#### PROVIDED MATERIAL
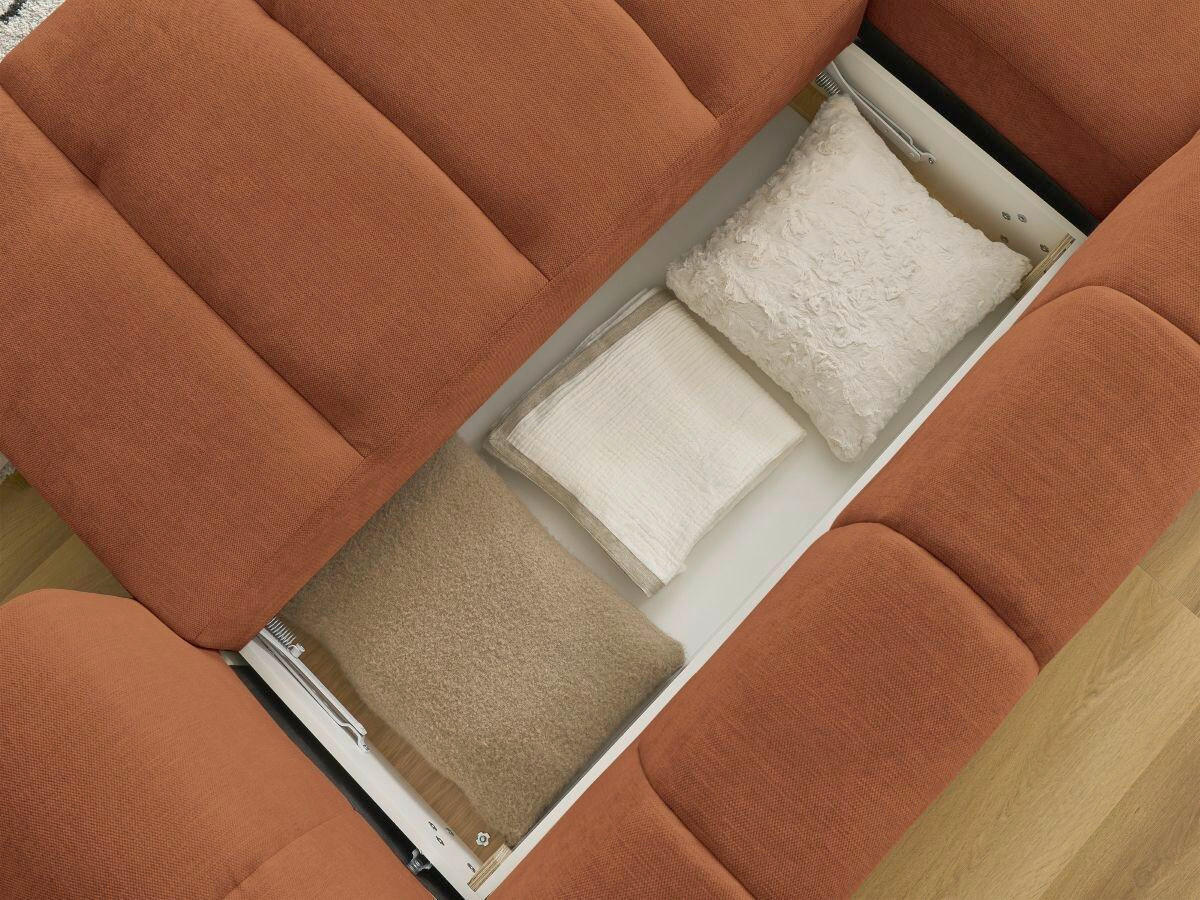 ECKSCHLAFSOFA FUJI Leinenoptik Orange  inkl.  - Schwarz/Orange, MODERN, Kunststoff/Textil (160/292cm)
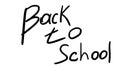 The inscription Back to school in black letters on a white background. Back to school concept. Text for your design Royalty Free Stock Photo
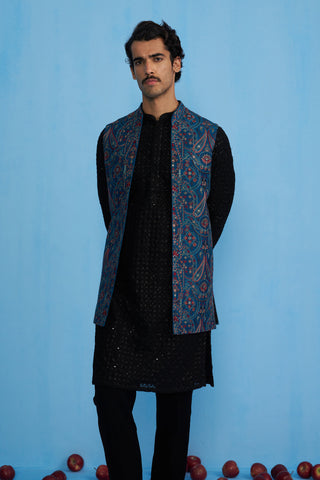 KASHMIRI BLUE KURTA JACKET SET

* * *

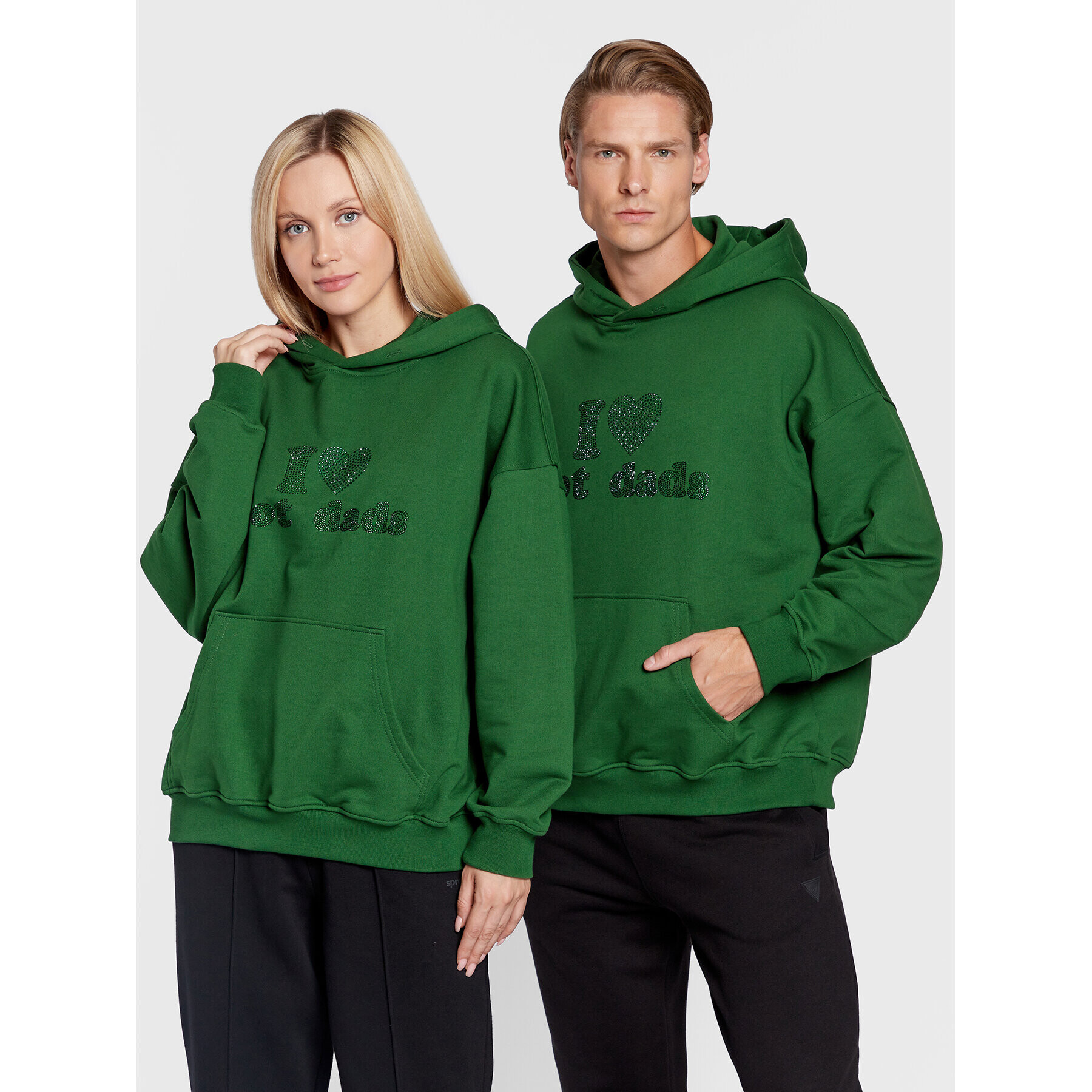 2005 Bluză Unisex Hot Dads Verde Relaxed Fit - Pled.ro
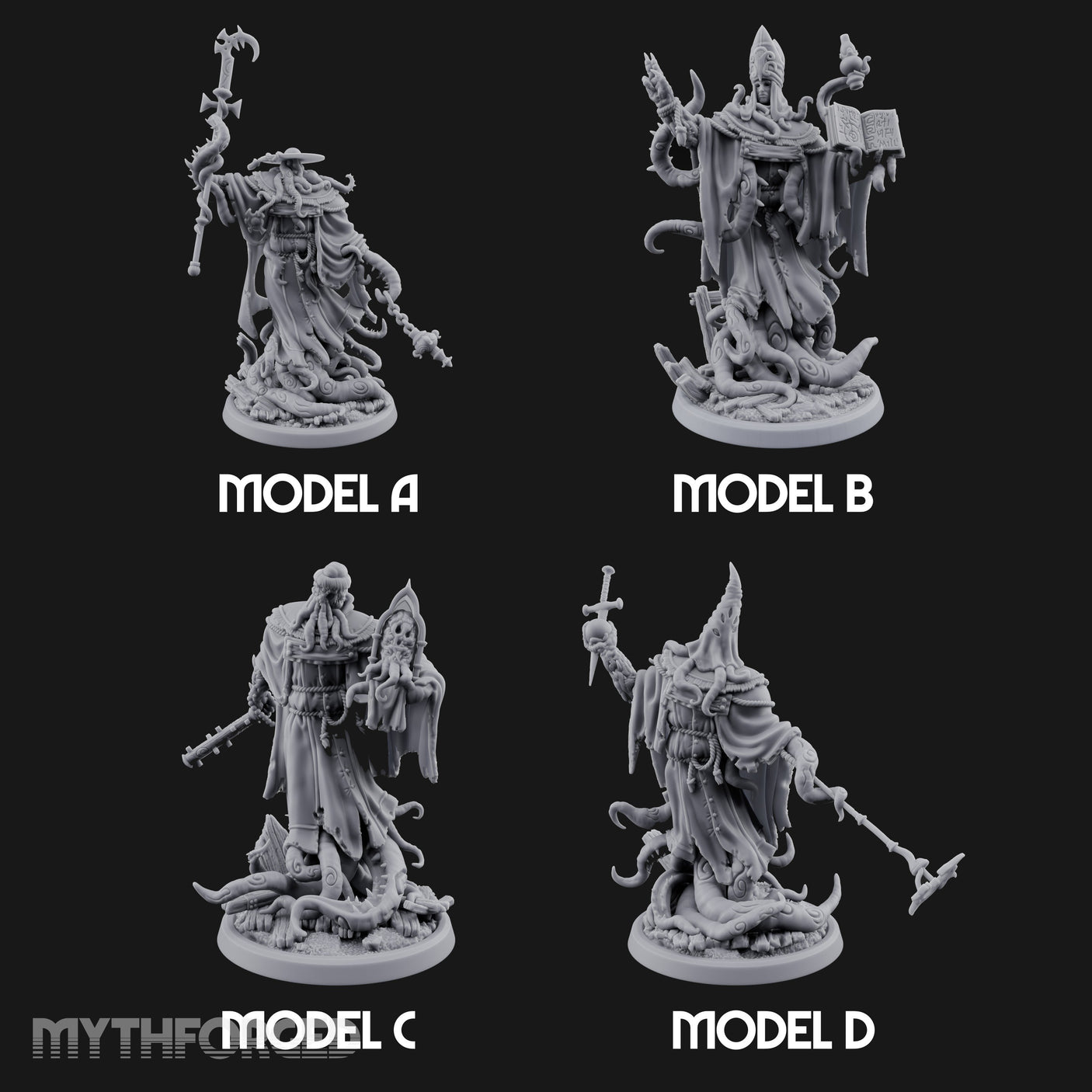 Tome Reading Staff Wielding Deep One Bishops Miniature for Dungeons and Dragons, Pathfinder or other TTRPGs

#### DESCRIPTION OF THE TASK
Please output, exactly as written, the lines above from the one holding "2005 Bluză Unisex" through the one holding "Tome Reading Staff", both included, with the pictures omitted.

#### TASK SOLUTION
 2005 Bluză Unisex Hot Dads Verde Relaxed Fit - Pled.ro
 Tome Reading Staff Wielding Deep One Bishops Miniature for Dungeons and Dragons, Pathfinder or other TTRPGs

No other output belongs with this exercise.